You're confusing 20 channels with 20 frames.
At time t, the current frame is sent into the spatial stream as it is. The optical flow for t to t+10 frames is computed and stacked together as 20 channels (10*2 for x-y axis). Now this 20 channel input is used for the temporal stream. This produces a class score at each t and they are fused. The final video score is obtained by averaging over all frame scores.
Have a look at this paper: https://arxiv.org/pdf/1406.2199v2.pdf
Basically we stack consecutive 10 optical flow images and form a single 10*2 input (x,y) . If a video has less than 10 frames then we discard that video IMO. Can you confirm @stillbreeze ?
There's no video with <10 frames. Even at 30 fps, 10 frames just means a 0.33 ms video!
I modified the code a little bit. in wadhwasahil code, it takes optical flow ( x and y) every 5 frames in 1 video and i still can't figure it out how to solve the different length videos. So i modified it a little bit for my thesis proposal (since my videos data are variance of lengths).
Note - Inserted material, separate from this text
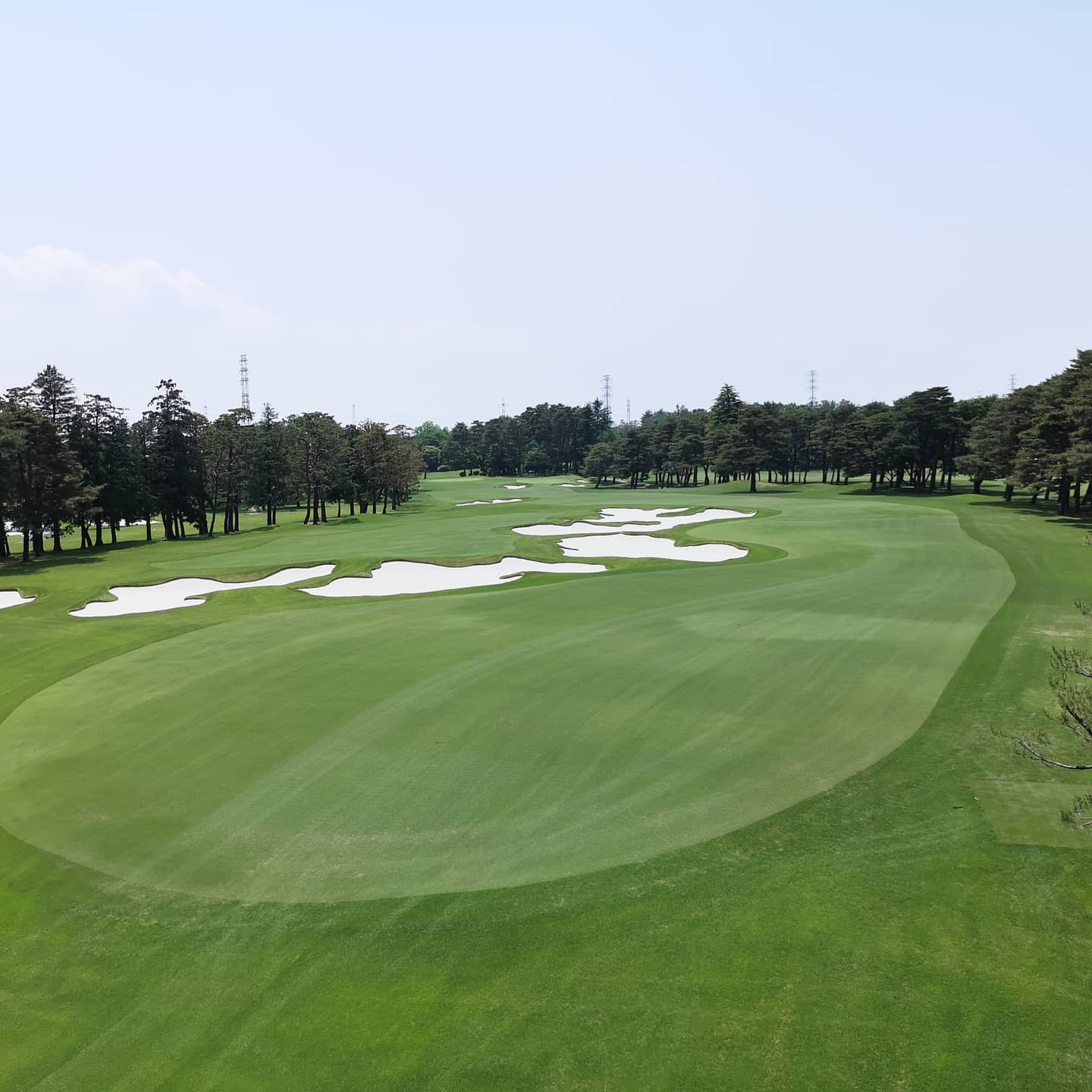 Tokyo Golf Club, parkland fairway and twin green complexes on the Sayama course in Saitama, Japan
I generate 1 video to many frames ( i don't care about the different length, which means let's say 1 have 4 videos which have length 3s, 3s, 4s , 5s. it could generate 124, 127, 143, 150 frames). let's say i wish to take optical flow (x and y) every 20 frames, it will be like this:
n = sum of frames( 1 video) % 20 (because i wish to take it every 20 fames) for j in range( 1 , sum of frames - n , round((sum of frames-n)/20)): -- do take the optical flow ( more or less is the same with wadhwasahil code, mine is a little bit longer since there are some problems with my OpenCV and PIL ).
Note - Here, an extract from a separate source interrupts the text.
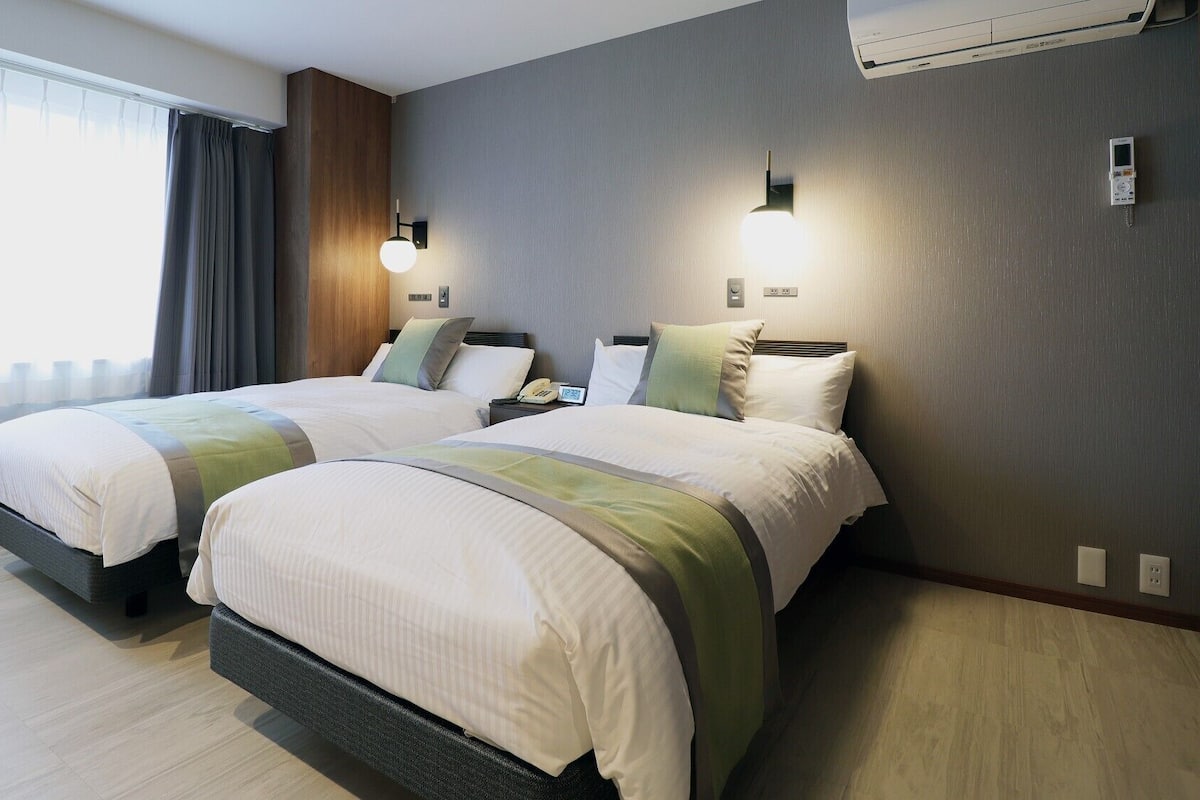 Une chambre d’hôtel avec deux lits, une fenêtre avec des rideaux, un climatiseur fixé au mur et une table de chevet avec un téléphone.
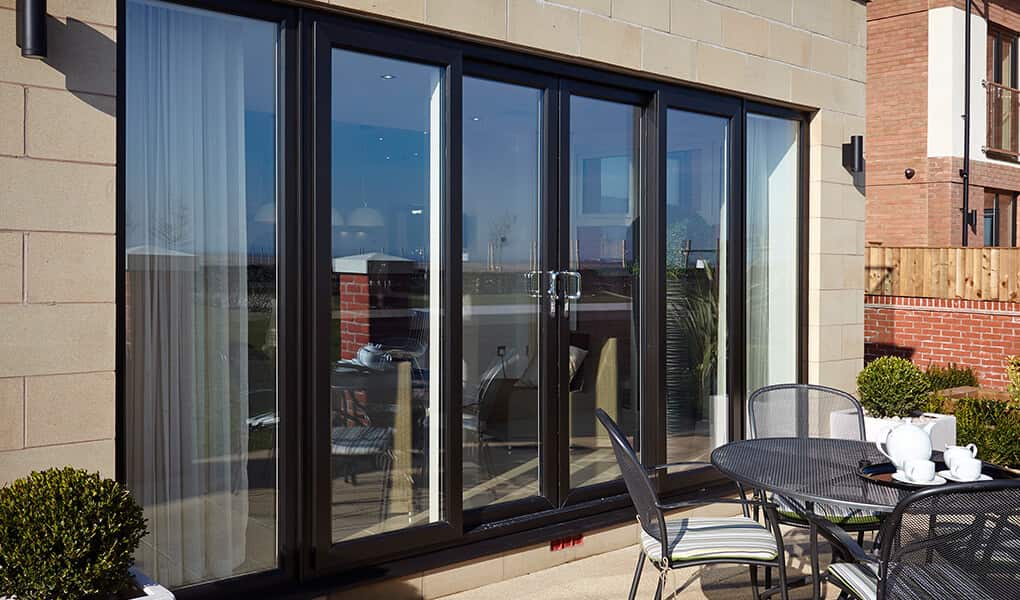 Tall black uPVC patio door installation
explanation : 124%20 = 4 --> 120/(120/20) --> will get 20 optical flow ( x and y) 143%20 = 3 --> 140/(140/20) --> will get 20 optical flow ( x and y) if you still don't understand try to imagine the math calculation by yourselves.
That way i could get the same sum of optical flow (x & y) every video, and i don't have to care about the different length. next i just i need to use the optical result to cnn^^.
sorry, i do not still quite understand in temporal stream code. ufc video's length is different from each other, which makes it produce different length of frames, let's say video 1 produces 30 frames while video 2 produces 15 frames. but it seems that in temporal stream code you just take 10 optical frames which means only 20 frames. does that mean the rest of the frames are useless?? how about video which generates fewer than 20 frames??